▸ **Activity**
Repeat the entries without change, omitting the pictures.

▸ **Records provided**

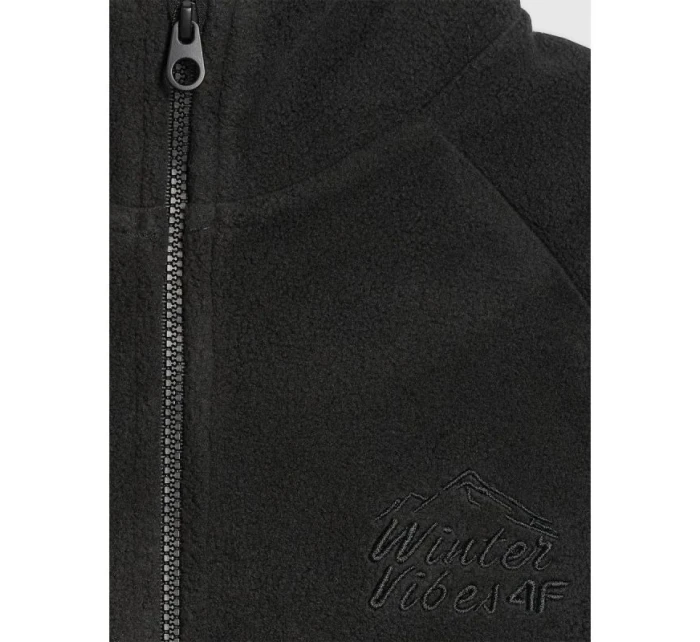 Chlapecký fleece se stojáčkem model 21917517 - 4F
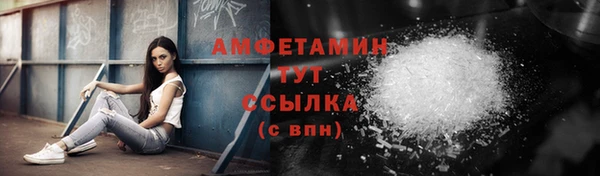 индика Сясьстрой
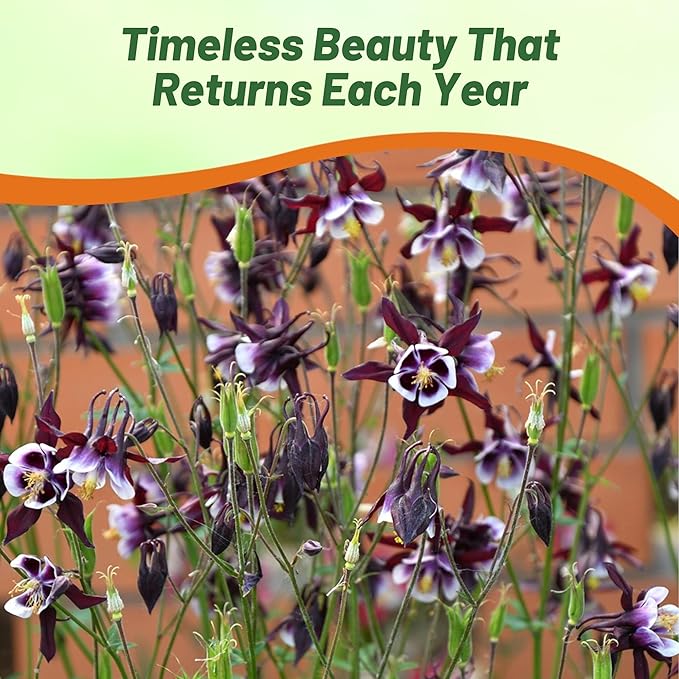 Outsidepride William Guinness Columbine Seeds - 1000 Pcs Perennial, Easy to Grow Flower Seeds for Planting, Suitable for Pollinator-Friendly Garden, Cut Floral Arrangements, Ground Covers, or Borders
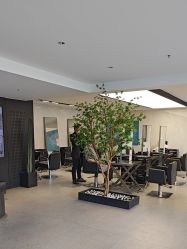 -付军剪艺JF ProSalon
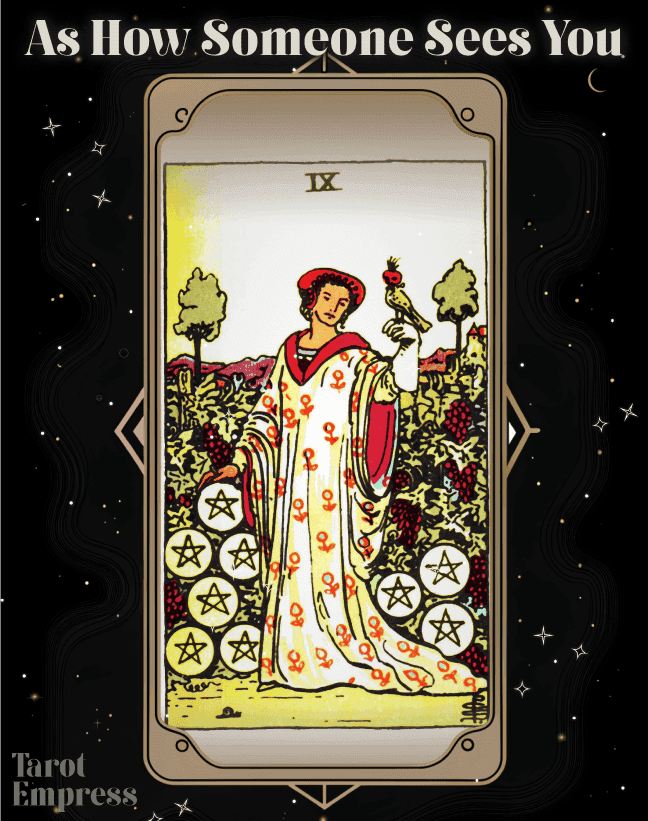 Nine of Pentacles as How Someone Sees You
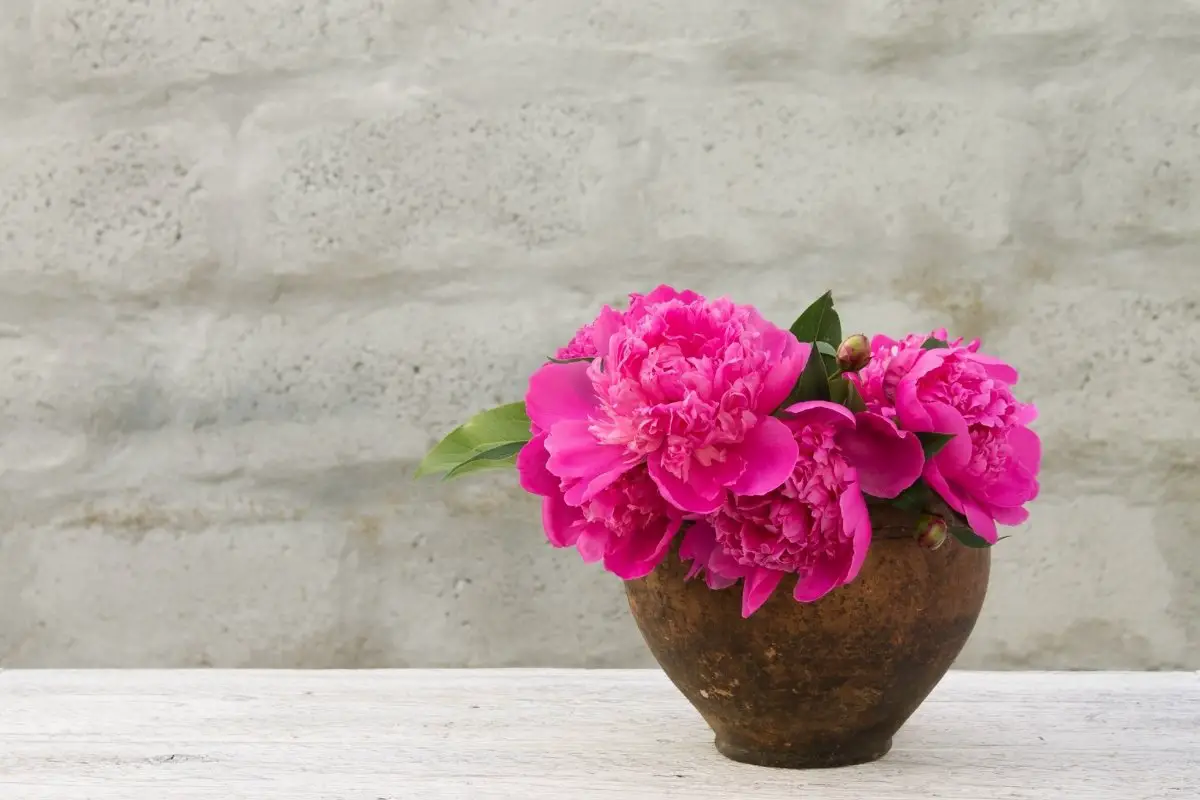 A Guide On Growing Peonies In Pots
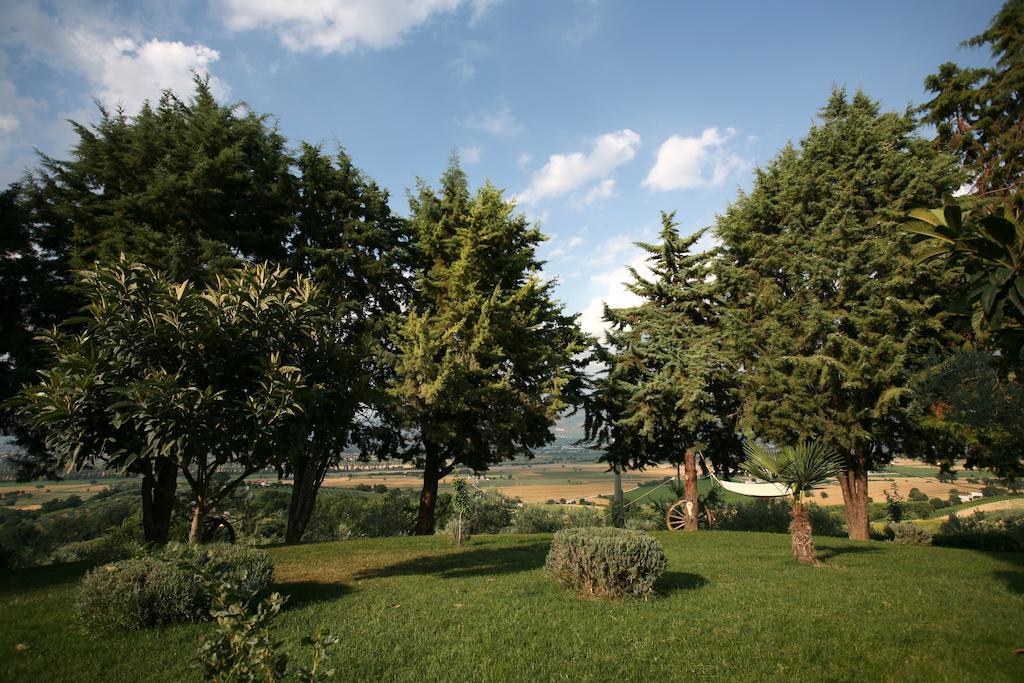 מונטפאלקו Agriturismo Il Girasole חדר תמונה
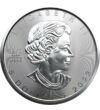 5 dolari Elisabeta a II-a   argint de 9999/1000 311 g Canada 2023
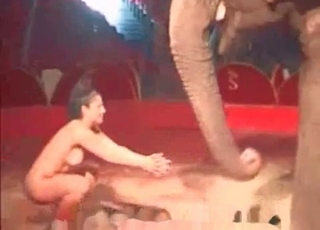 Lovely model can't stop playing with an elephant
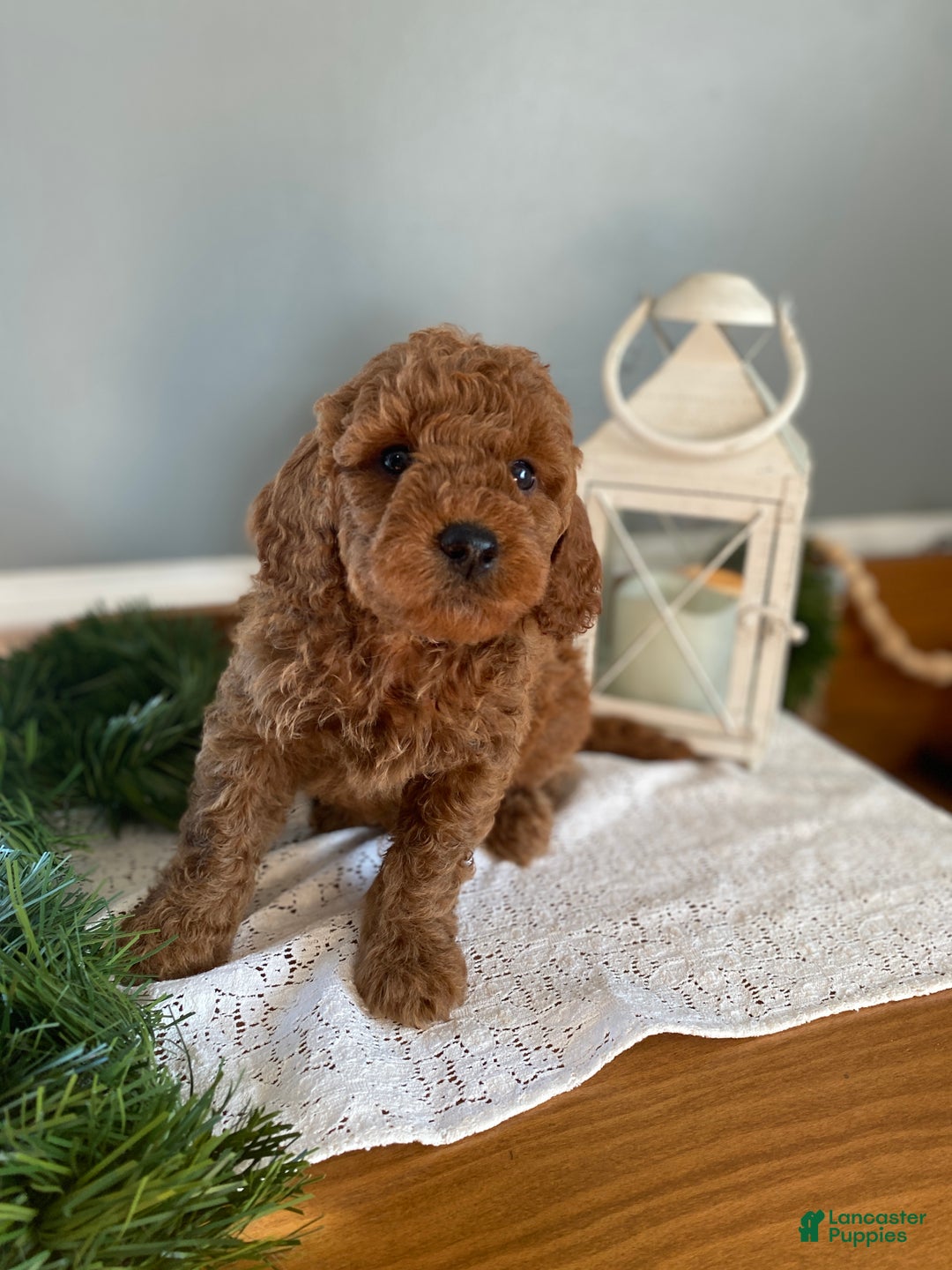 Mixed Breed dogs for sale: Bear - Ad 1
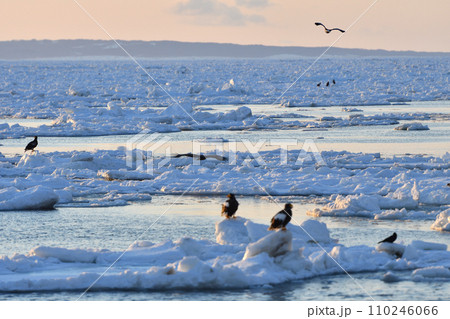 ワシ、羅臼の流氷、知床半島、北海道 110246066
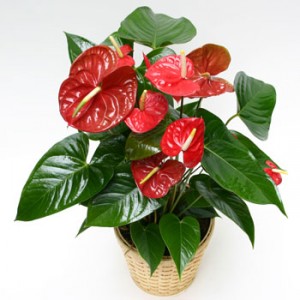 Anthurium 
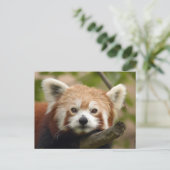 Carte Postale panda-010 (Debout devant)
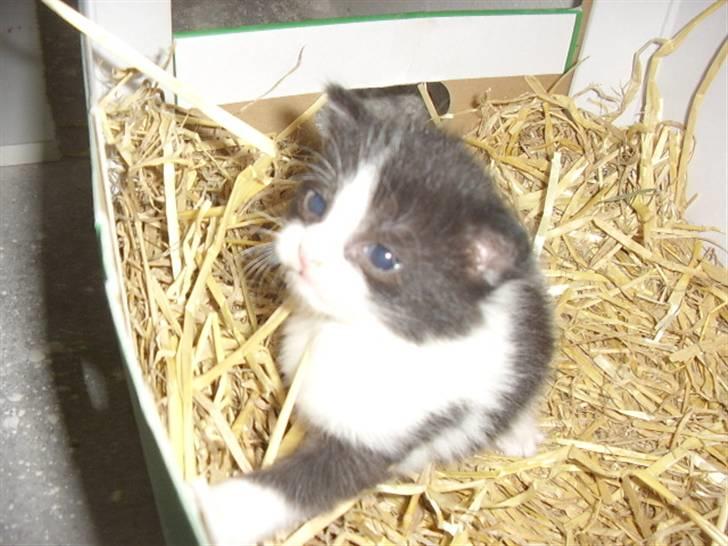 Blanding af racer Olympia/Mille billede 16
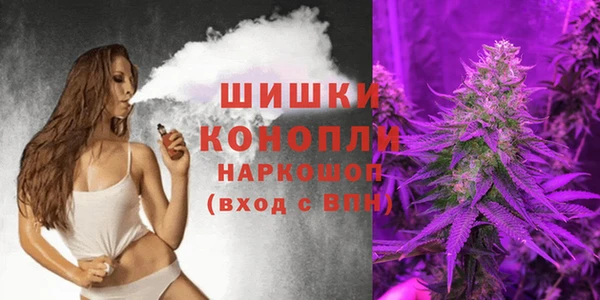альфа пвп Елизово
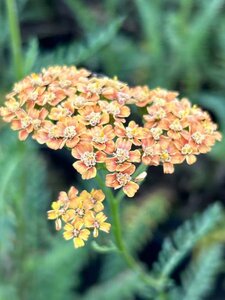 Achillea Terracotta 2L - image 3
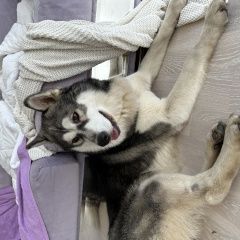 Подробнее об объявлении «Найдена собака кобель хаски или маламут Москва» Фото: найдена собака  «Найдена собака кобель хаски или маламут Москва» в г. Москва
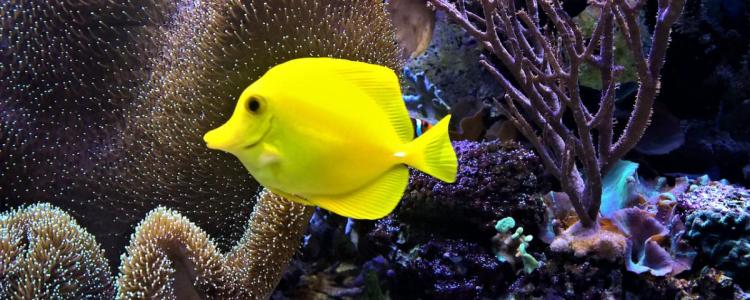 Tropical Fish in Aquarium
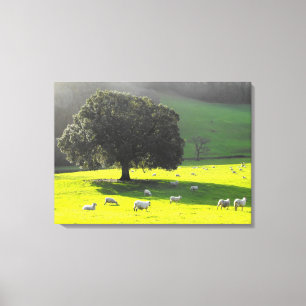 Sheep in the morning sun canvas print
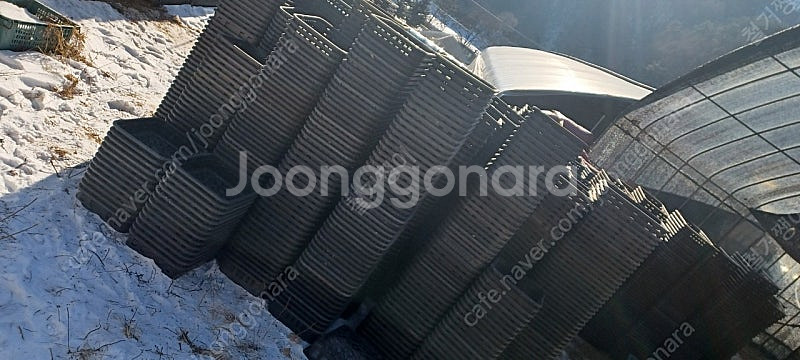 버섯 콘티박스 사각상자 사각박스 프라스틱 플라스틱 상자...--1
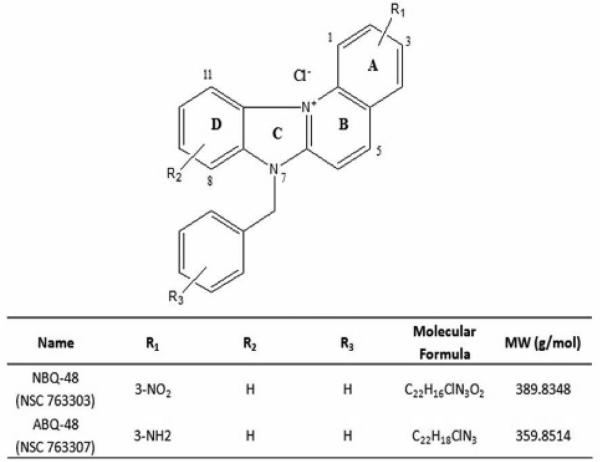 Immunomodulatory Response Triggered by the Alkaloids, 3-Amino-7-Benzylbenzimidazo[3,2-<i>a</i>] Quinolinium Chloride (ABQ-48) and 3-Nitro-7-Benzylbenzimidazo [3,2-<i>a</i>] Quinolinium Chloride (NBQ-48).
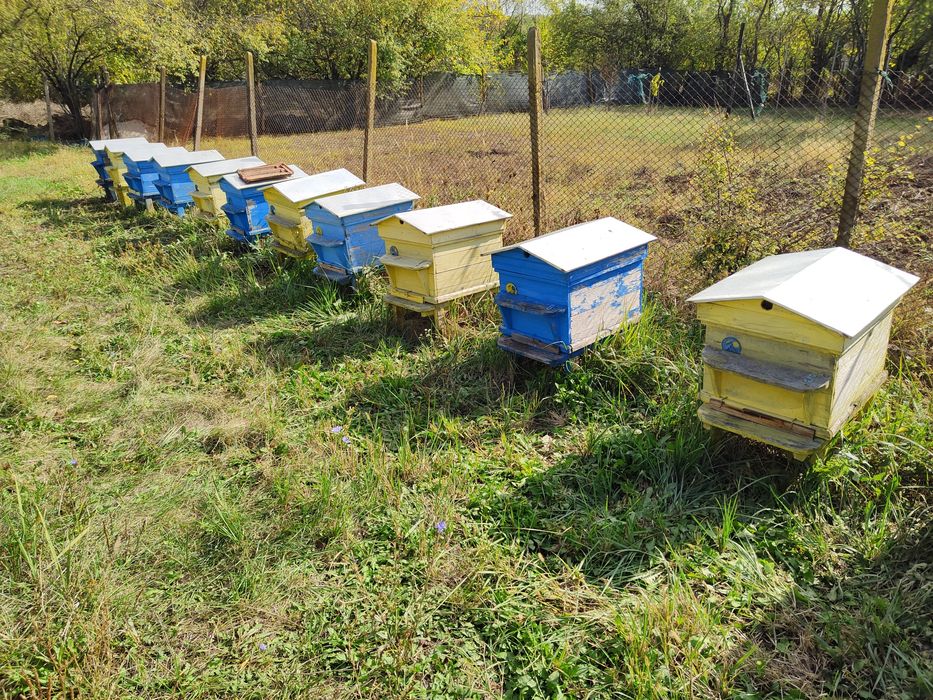 Кошери Дадан Блат и рамки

▸ **Solution to this exercise**
 Chlapecký fleece se stojáčkem model 21917517 - 4F
 индика Сясьстрой
 Outsidepride William Guinness Columbine Seeds - 1000 Pcs Perennial, Easy to Grow Flower Seeds for Planting, Suitable for Pollinator-Friendly Garden, Cut Floral Arrangements, Ground Covers, or Borders
 -付军剪艺JF ProSalon
 Nine of Pentacles as How Someone Sees You
 A Guide On Growing Peonies In Pots
 מונטפאלקו Agriturismo Il Girasole חדר תמונה
 5 dolari Elisabeta a II-a   argint de 9999/1000 311 g Canada 2023
 Lovely model can't stop playing with an elephant
 Mixed Breed dogs for sale: Bear - Ad 1
 ワシ、羅臼の流氷、知床半島、北海道 110246066
 Anthurium 
 Carte Postale panda-010 (Debout devant)
 Blanding af racer Olympia/Mille billede 16
альфа пвп Елизово
 Achillea Terracotta 2L - image 3
 Подробнее об объявлении «Найдена собака кобель хаски или маламут Москва» Фото: найдена собака  «Найдена собака кобель хаски или маламут Москва» в г. Москва
 Tropical Fish in Aquarium
 Sheep in the morning sun canvas print
 버섯 콘티박스 사각상자 사각박스 프라스틱 플라스틱 상자...--1
 Immunomodulatory Response Triggered by the Alkaloids, 3-Amino-7-Benzylbenzimidazo[3,2-<i>a</i>] Quinolinium Chloride (ABQ-48) and 3-Nitro-7-Benzylbenzimidazo [3,2-<i>a</i>] Quinolinium Chloride (NBQ-48).
 Кошери Дадан Блат и рамки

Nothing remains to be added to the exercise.